Goal of the exercise
Restate word for word each line from the one containing "Etui z uchwytem" through the end of the material, and nothing more. Drop every picture.

Data provided
######
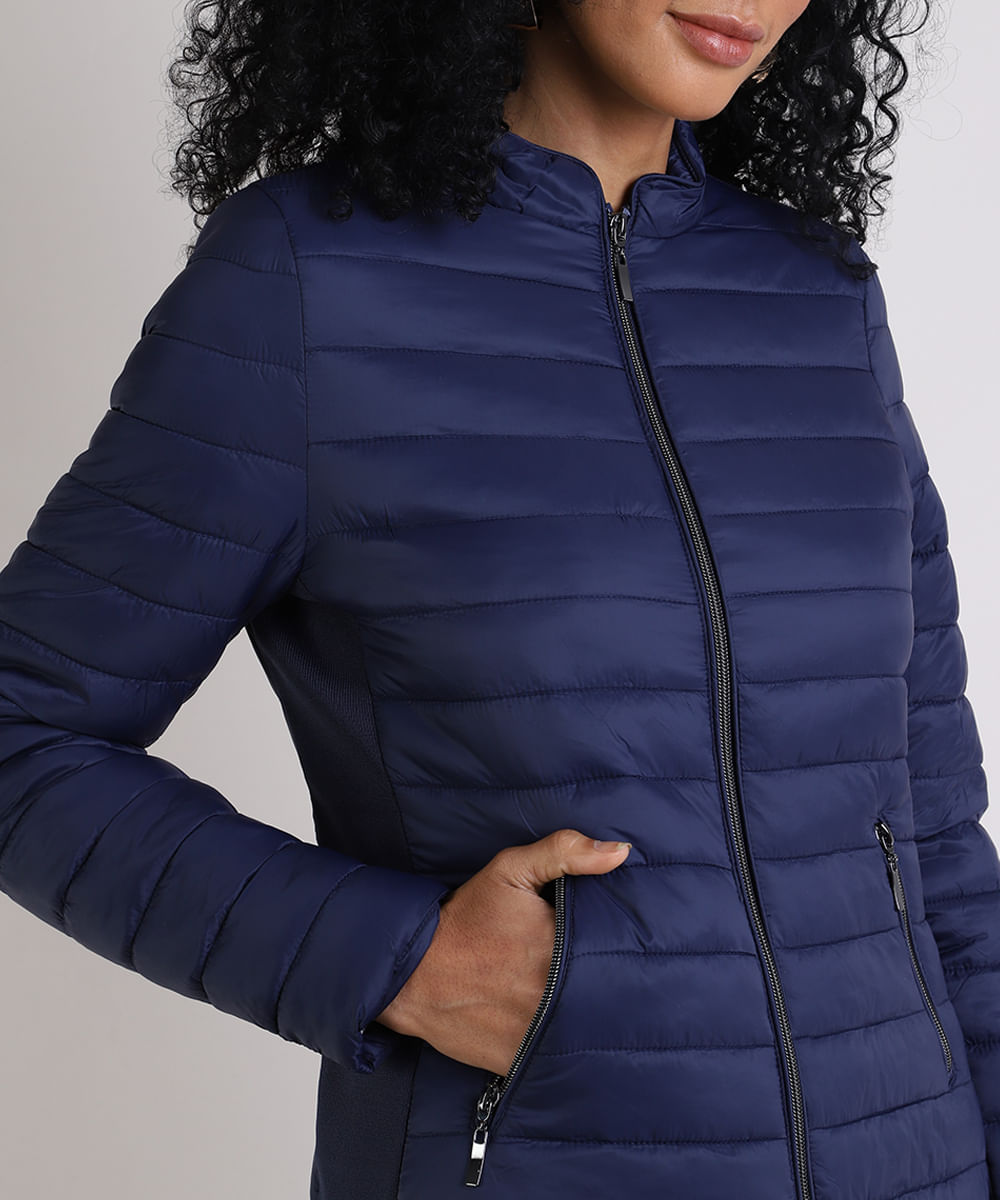 jaqueta puffer azul marinho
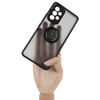 Etui z uchwytem na palec Bizon Case Hybrid Ring do Galaxy A53 5G, przydymione z czarną ramką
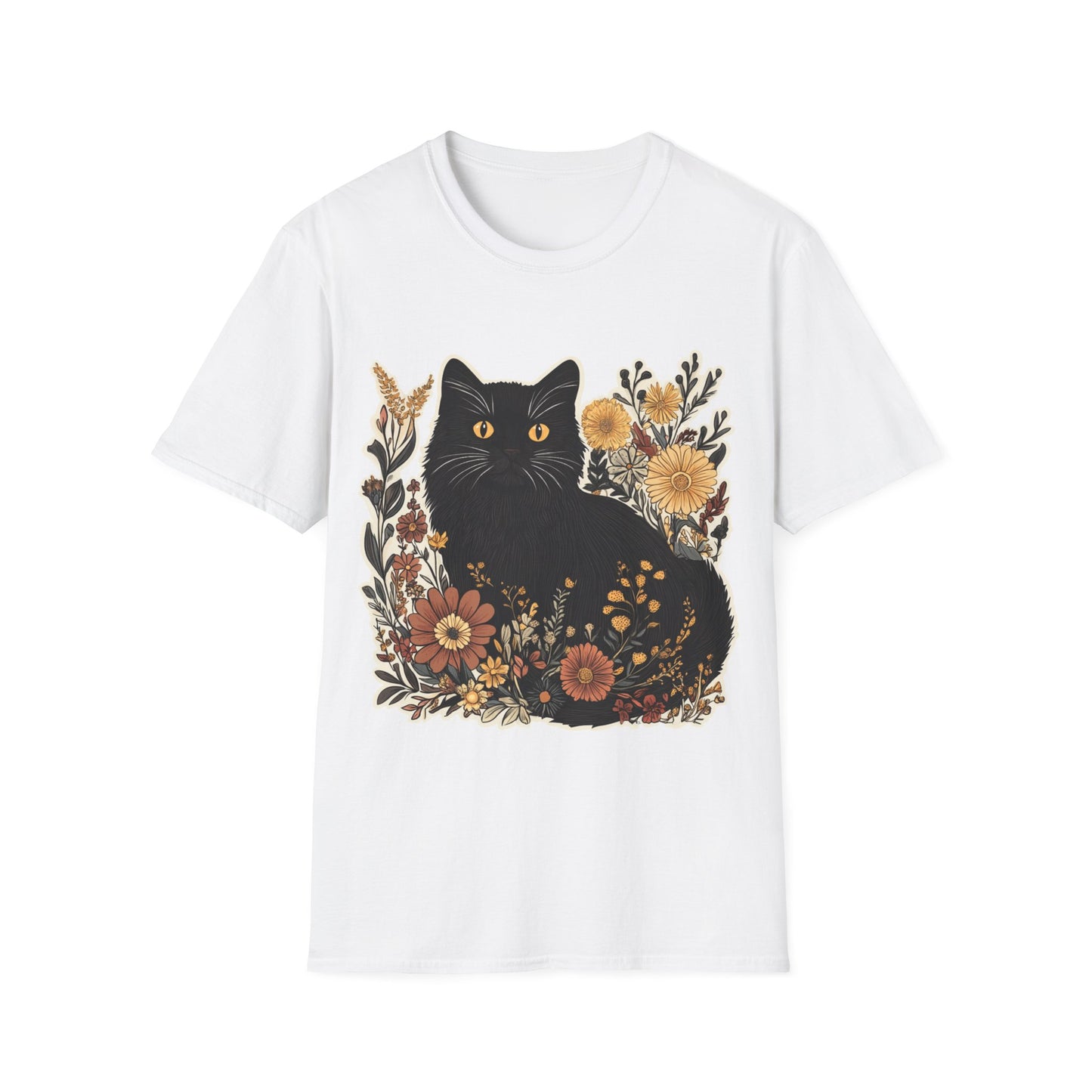 Black Cat Floral Unisex Softstyle T-Shirt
######
Result of the task
 Etui z uchwytem na palec Bizon Case Hybrid Ring do Galaxy A53 5G, przydymione z czarną ramką
 Black Cat Floral Unisex Softstyle T-Shirt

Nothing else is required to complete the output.